Short web captions
──────────

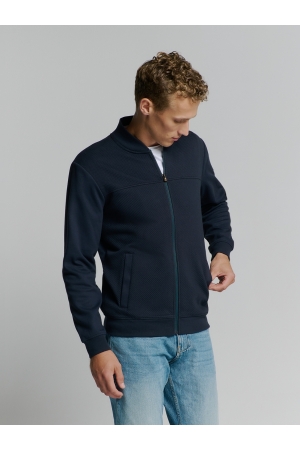 No- Excess No- Excess sweater full zipper jacquard mix bomber Trui 096 deep blue
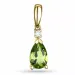 grünem Peridot Anhänger in 14 karat Gold 0,03 ct 0,9 ct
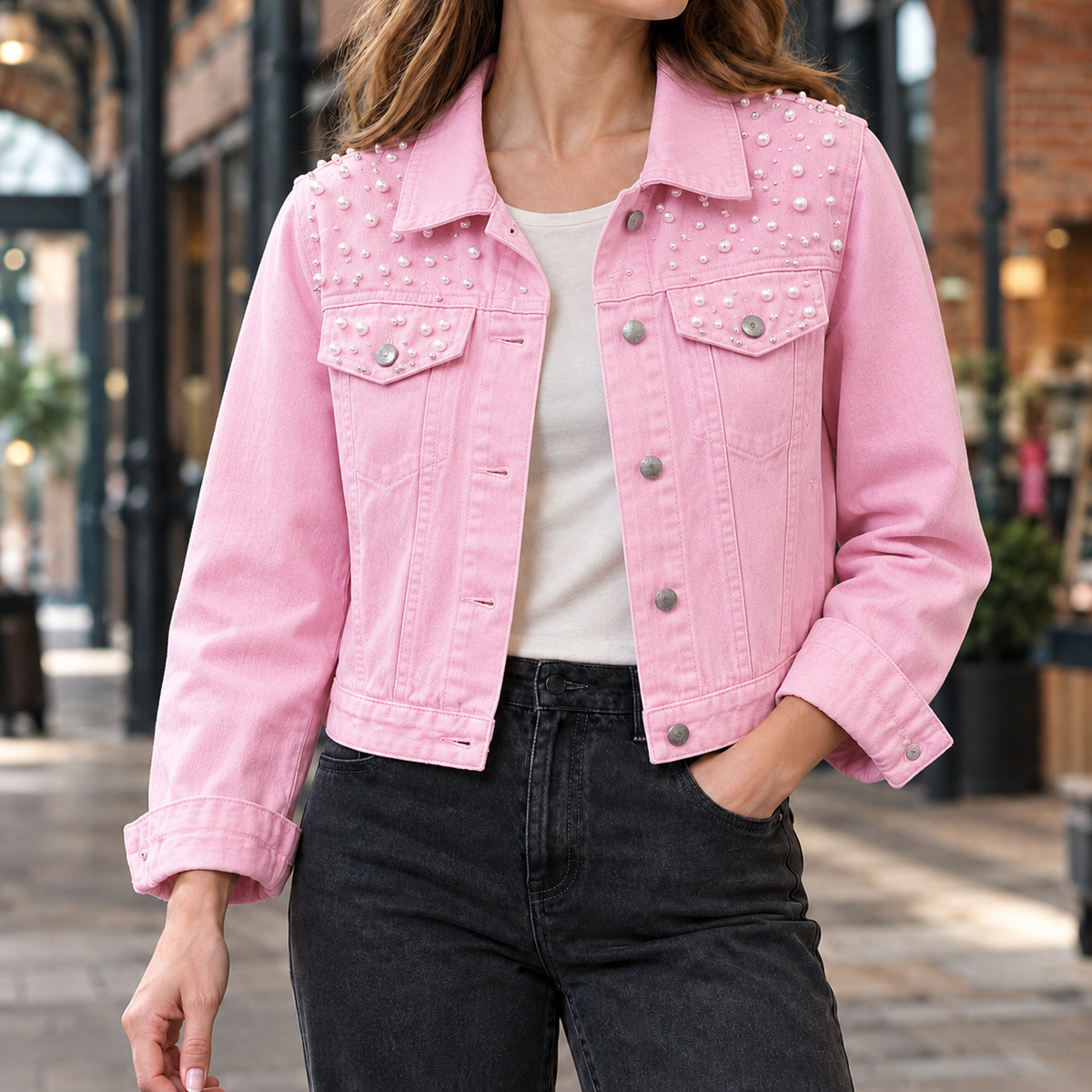 Denim Jacket Washed Cropped with Pearl-Like Studs and Pointed Collar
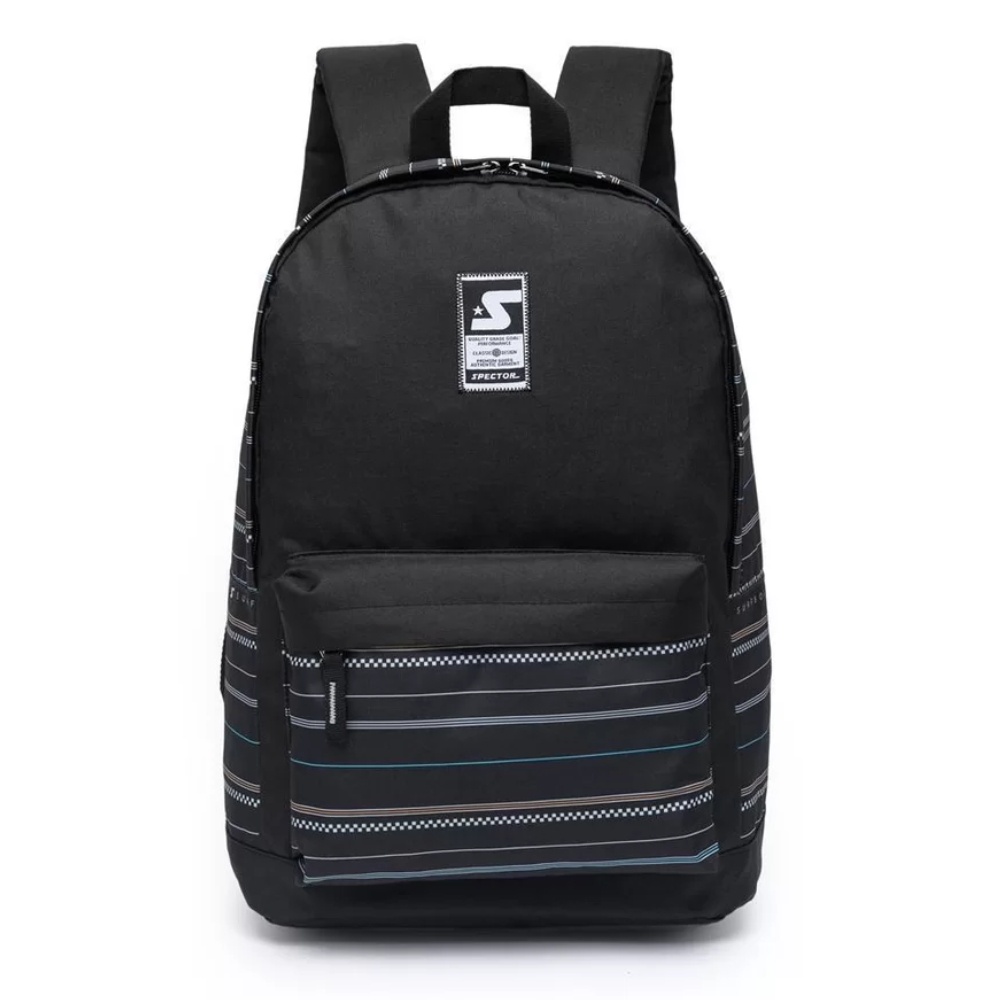 Mochila De Costas Preta Oard Listras - Spector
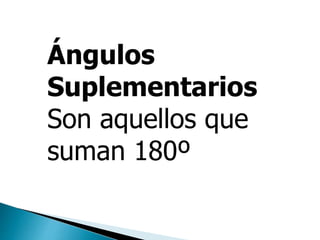 Ángulos
Suplementarios
Son aquellos que
suman 180º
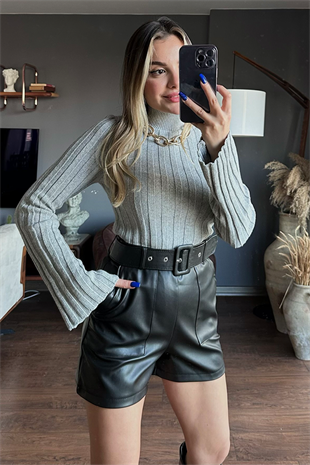 Hands Off gri çizgili triko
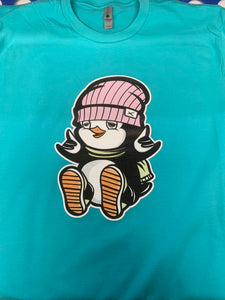 Teal/ Pink/ Barely Volt "PENGUIN" Vapor Max Plus Teal Sneaker T-Shirt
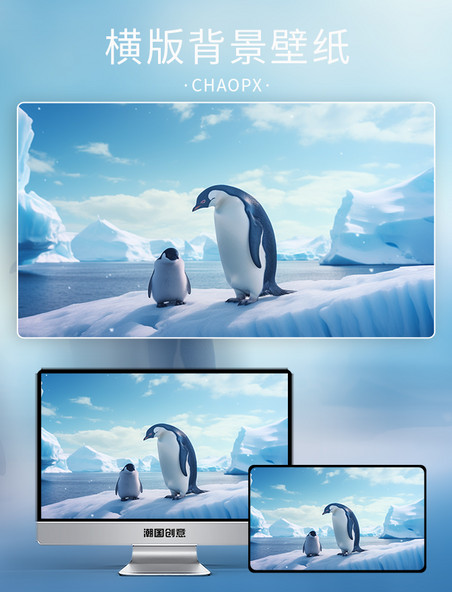 南极企鹅动物冬季背景冬天冬季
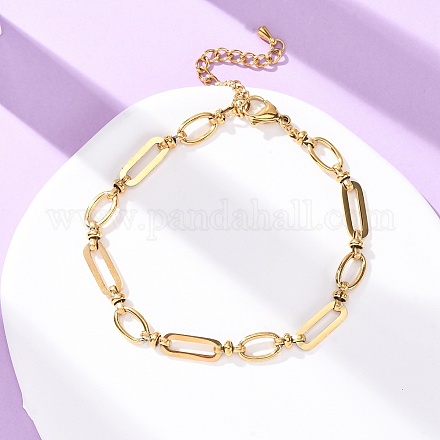 Браслеты на ногу из овальной цепи из нержавеющей стали 304 AJEW-A057-01G-1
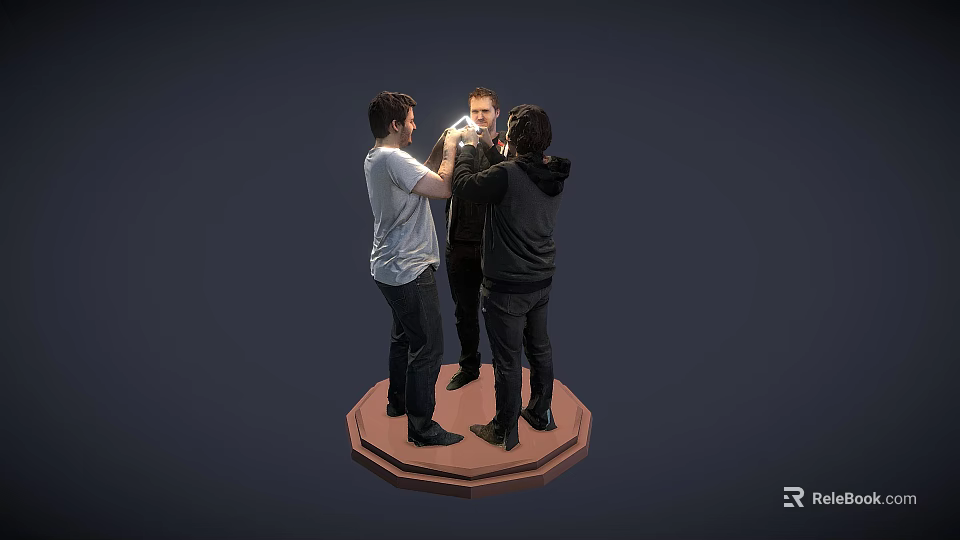 Three People Standing On Hexagonal Platform Interacting With Glowing Object 3d model 
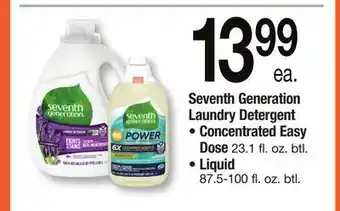 ACME Seventh generation laundry detergent concentrated easy dose 23.1 fl. oz. btl., liquid 87.5-100 fl. oz. btl. offer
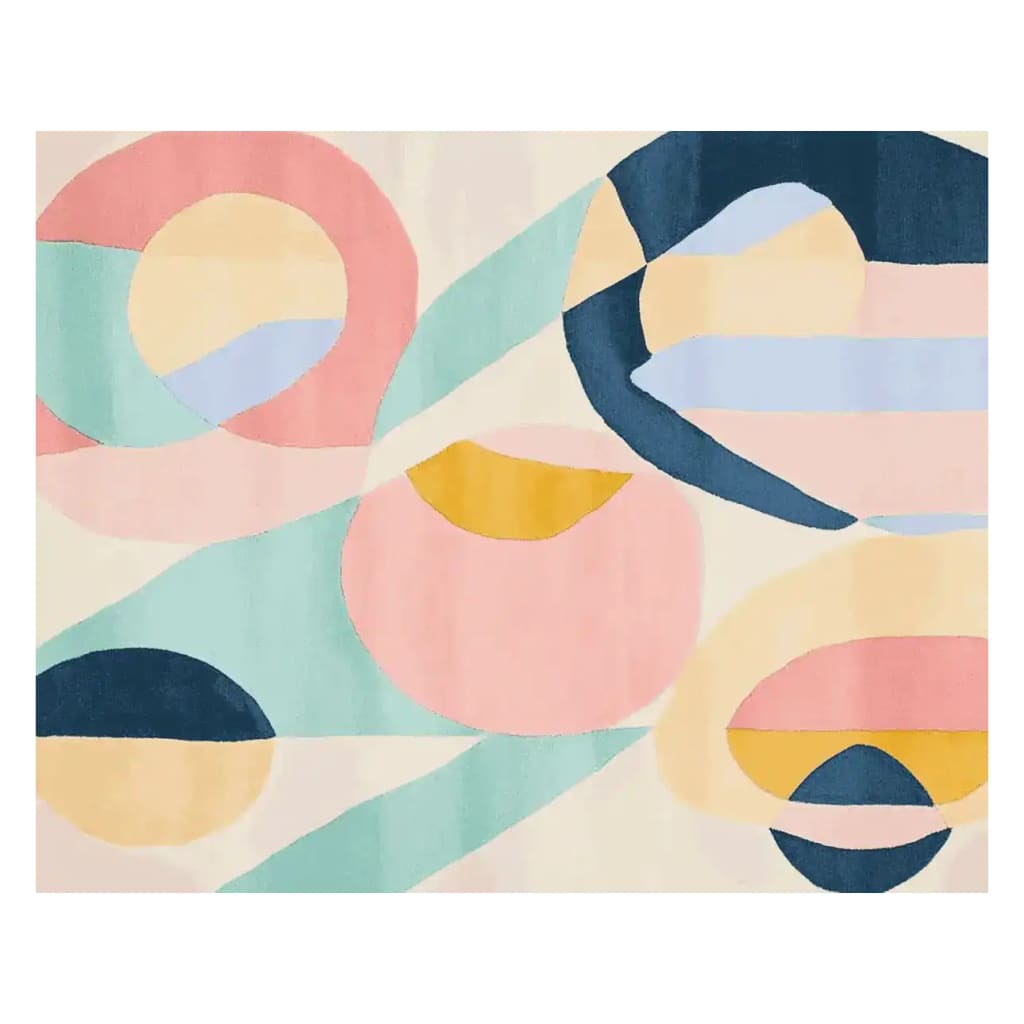 Vibrant abstract design of a hand-tufted wool area rug, perfect for adding contemporary flair to your living room. The rug features colorful geometric patterns in pastel shades, making it a standout piece among area rugs for living room decor.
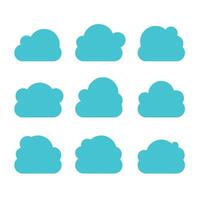 Set of blue sky, clouds. Cloud icon, cloud shape. Set of different clouds. Collection of cloud icon, shape, label, symbol. Graphic element. Design element for logo, web and print. vector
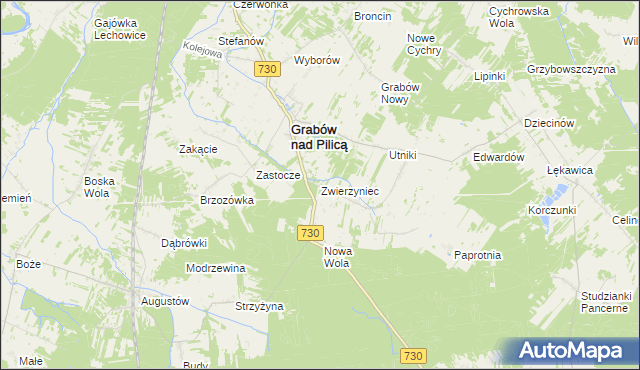 mapa Zwierzyniec gmina Grabów nad Pilicą, Zwierzyniec gmina Grabów nad Pilicą na mapie Targeo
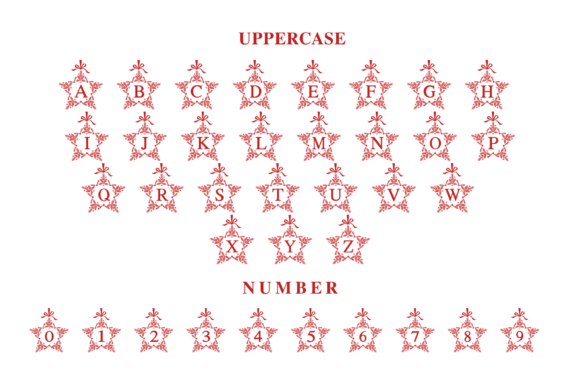 Holly Star Monogram Font PNG with transparent background - Preview 6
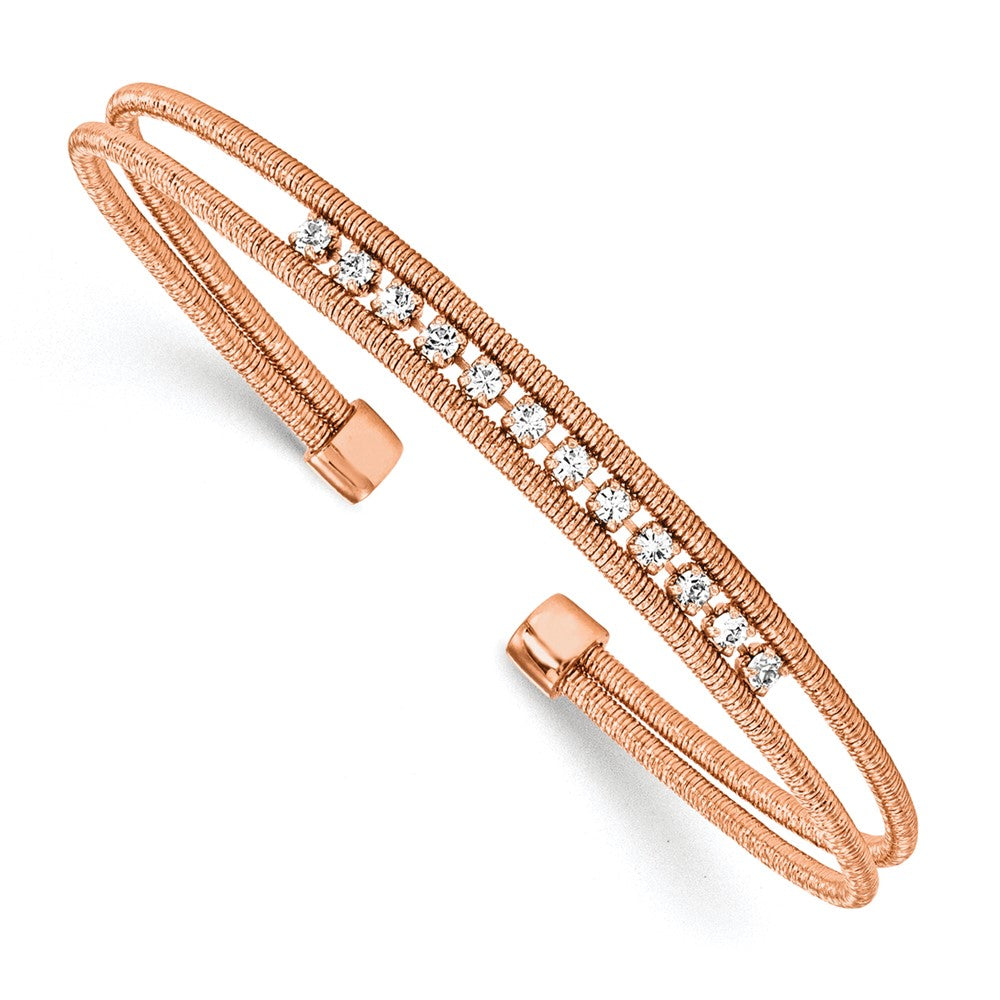 Leslie's Sterling Silver Rhodium-plated Rose Gold-plated CZ Woven CuffQLF742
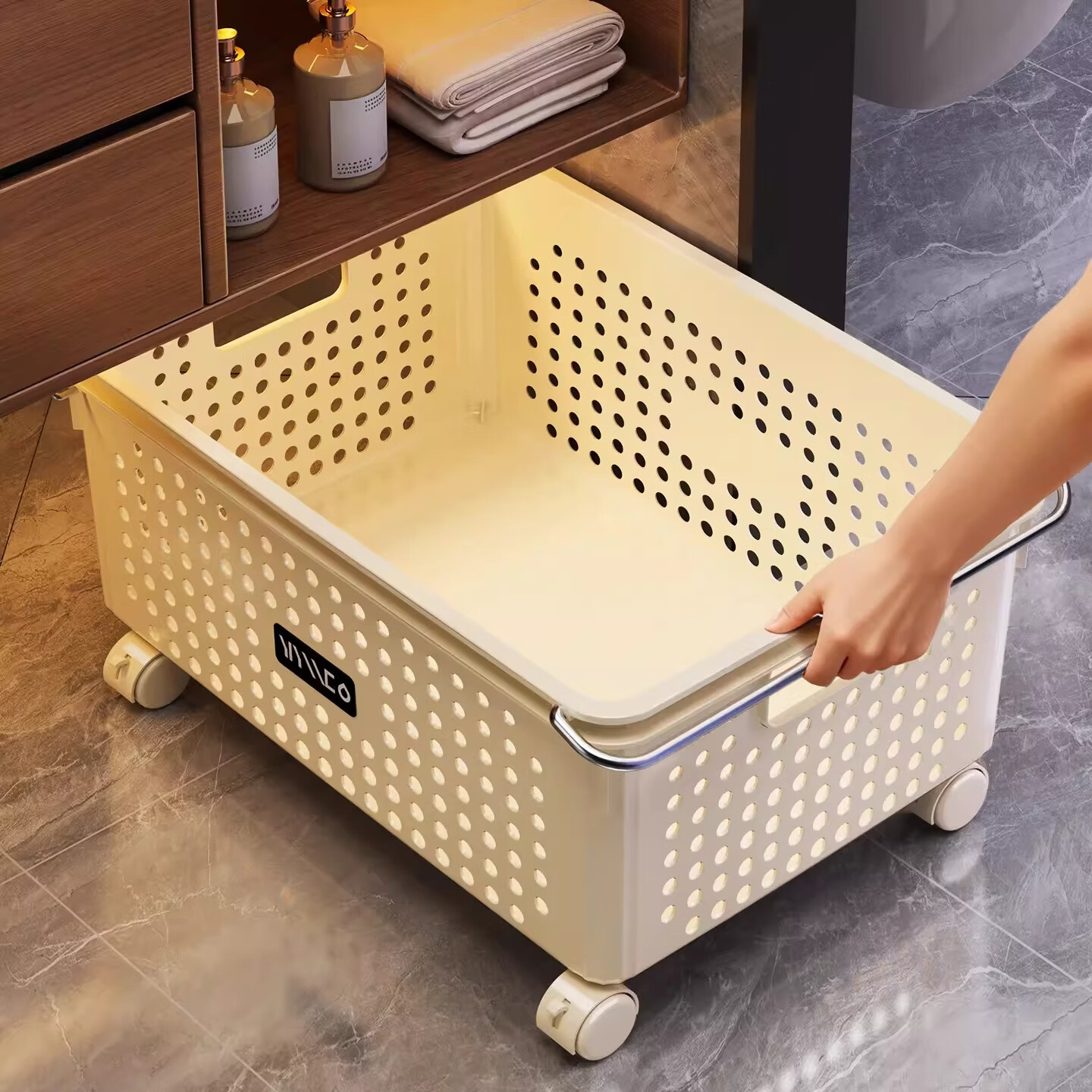 吱凡日本浴室柜下脏衣篓家用脏衣服收纳篮带轮推车杂物洗衣篮储物筐子 特大号脏衣篮【加厚升级】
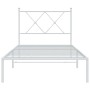 Estructura de cama de metal con cabecero blanco 90x200 cm de vidaXL, Camas y somieres - Ref: Foro24-376544, Precio: 71,16 €, ...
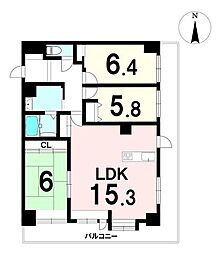 ライオンズマンション大和町四丁目 3LDKの間取図画像
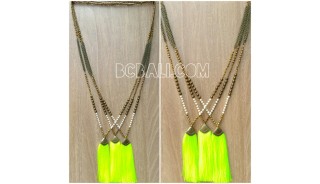 long chain necklace antique bronce tassels beads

──────────

Beginning with the line above that contains "Holly Star Monogram" and finishing with the line that contains "ライオンズマンション大和町四丁目 3LDKの間取図画像", print those lines exactly and only. Skip all pictures.

 Holly Star Monogram Font PNG with transparent background - Preview 6
 Leslie's Sterling Silver Rhodium-plated Rose Gold-plated CZ Woven CuffQLF742
 吱凡日本浴室柜下脏衣篓家用脏衣服收纳篮带轮推车杂物洗衣篮储物筐子 特大号脏衣篮【加厚升级】
 Estructura de cama de metal con cabecero blanco 90x200 cm de vidaXL, Camas y somieres - Ref: Foro24-376544, Precio: 71,16 €, ...
 ライオンズマンション大和町四丁目 3LDKの間取図画像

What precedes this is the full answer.